King Charles Reportedly Wants Private Reunion With Sussex Kids Despite Meghan Markle Feud
King Charles is said to want a quiet reunion with Archie and Lilibet during the Sussexes' planned UK visit, though the family rift remains firmly in place.

King Charles is reportedly open to a private reunion with Prince Harry, Meghan Markle and their children in the UK next month, with the Sussexes expected in Birmingham for Invictus-related events from July 10 to July 17. The proposed visit has put the King's long-running family strain back in the frame, not least because the monarch is said to want more time with Archie and Lilibet, grandchildren he has barely had the chance to know.
The Sussexes have not returned to Britain together for four years, and the last full family visit came during Queen Elizabeth II's Platinum Jubilee in July 2022. That trip carried its own emotional weight, especially as baby Lilibet, who was named after the late Queen's childhood nickname, met her great-grandmother at Windsor Castle. Even then, the family's public presence was tightly controlled. According to the report, Harry and Meghan wanted to bring their own photographer, but the Queen and her staff declined.
Nothing is confirmed yet so everything should be taken with a grain of salt, but the shape of the story is clear enough. The question is not simply whether Harry comes back to Britain. It is whether Charles can turn a logistics problem into something more personal, and whether that can happen without the whole thing becoming another round of royal theatre.
The Sussex Children
The children sit at the centre of this, and that is where the story gets more delicate. Sources cited in the report by The Blast say Charles wants more time with Archie and Lilibet. He has reportedly seen Archie, now seven, only a handful of times and met five-year-old Lilibet just once. That is not the sort of distance that can be bridged by a photo opportunity or a cheerful palace brief. It is awkward stuff, plain and simple.

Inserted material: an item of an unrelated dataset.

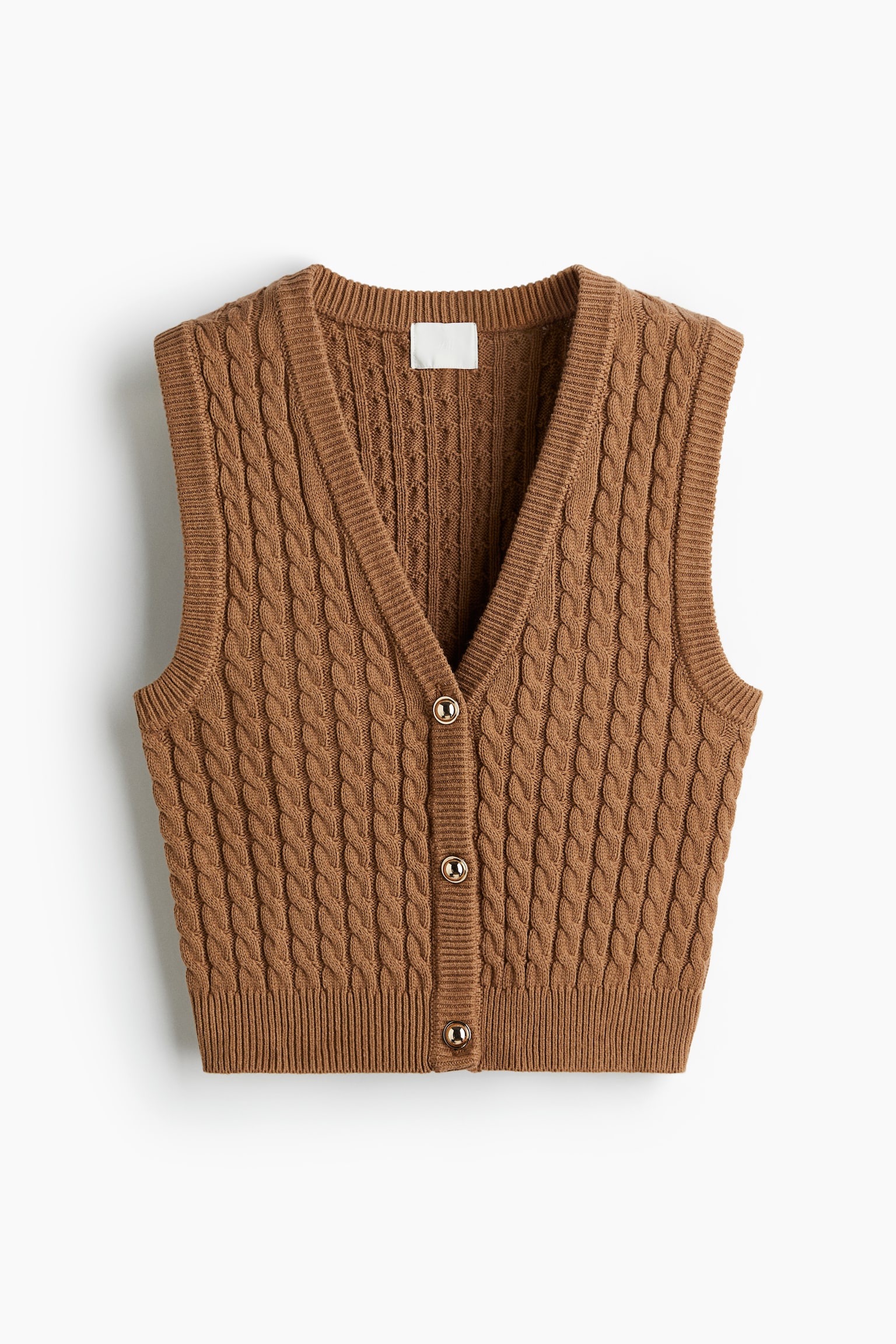 Cable-knit waistcoat - Light brown/Dark khaki green/Cream - 1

Royal biographer Hugo Vickers told Page Six that he believed the King would see the children, adding that Charles had always left the door 'wide open.' He also said the monarch had seen Harry last September. Vickers argued that a private reconciliation would be good for both father and son, saying Harry was carrying enough trauma already and that no one would benefit if Charles died before peace was made. It is a stark way to put it, but that is rather the point. These are not abstract arguments in a constitutional handbook. They are family wounds, just dressed in ermine and protocol.
Vickers also described Charles as 'diplomatic,' and that word matters here. The King has spent years being presented as the one member of the family most likely to keep the conversation going, even when the conversation itself is painfully limited. A refusal to see Meghan, Vickers suggested, would only make matters worse. The implication is obvious enough. Charles may not be able to fix the feud, but he does not appear keen to slam the door on it either.
The Scottish Window
The timing, unusually, may work in Charles's favour. The King is expected to continue with his annual Holyrood Week in Scotland, when he typically stays at the Palace of Holyroodhouse, his official Scottish residence. Vickers said the monarch rarely alters his calendar, calling him a 'busy man.' That may sound obvious, but royal diaries are not exactly casual affairs. When one thing shifts, another usually has to move with it.

According to the report, Holyrood Week usually runs from late June into early July, while the Invictus-related events are set for July 10 to July 17. That overlap could create a small, private window for a meeting away from cameras and without any official fanfare. That part may be the most realistic piece of the puzzle. Palace insiders, the report says, expect any contact to happen entirely out of public view. No photographers. No grand reveal. No glossy family reset. Just a quiet room and a rather loaded conversation.
Even so, not everyone inside the palace sounds relaxed about the prospect. One source warned that Harry and Meghan would likely frame any reunion as proof that the royal family needs them and that Charles needs them too. That is the sort of narrative that can spiral quickly once it escapes into the wilds of public opinion. Royals, for all their ceremony, have always been hostages to interpretation.
The final complication is that Meghan remains the hardest part of the equation. The report says she has publicly criticised royal life, accused the institution of racism and mistreatment, and spoken about suicidal thoughts during her time as a working royal. None of that disappears because a visit is on the calendar. If anything, it explains why any reunion would be handled with such caution. The distance between a family lunch and a constitutional headache can be very small indeed.
For now, Harry is not expected to see Prince William during the trip, and the brothers' estrangement appears unchanged. That, more than anything, is the reminder that this visit is unlikely to produce a neat royal ending. It may not even produce one at all.